## TASK INSTRUCTIONS
Repeat the listing below in full, keeping every character as it is.

[[ COLLECTED MATERIAL open ]]

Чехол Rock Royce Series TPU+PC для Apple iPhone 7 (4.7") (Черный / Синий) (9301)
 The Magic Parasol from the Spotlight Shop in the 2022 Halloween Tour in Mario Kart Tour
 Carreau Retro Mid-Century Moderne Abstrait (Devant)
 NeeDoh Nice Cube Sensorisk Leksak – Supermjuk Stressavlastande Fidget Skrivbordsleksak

[[ COLLECTED MATERIAL closed ]]

## RESPONSE AREA
Чехол Rock Royce Series TPU+PC для Apple iPhone 7 (4.7") (Черный / Синий) (9301)
 The Magic Parasol from the Spotlight Shop in the 2022 Halloween Tour in Mario Kart Tour
 Carreau Retro Mid-Century Moderne Abstrait (Devant)
 NeeDoh Nice Cube Sensorisk Leksak – Supermjuk Stressavlastande Fidget Skrivbordsleksak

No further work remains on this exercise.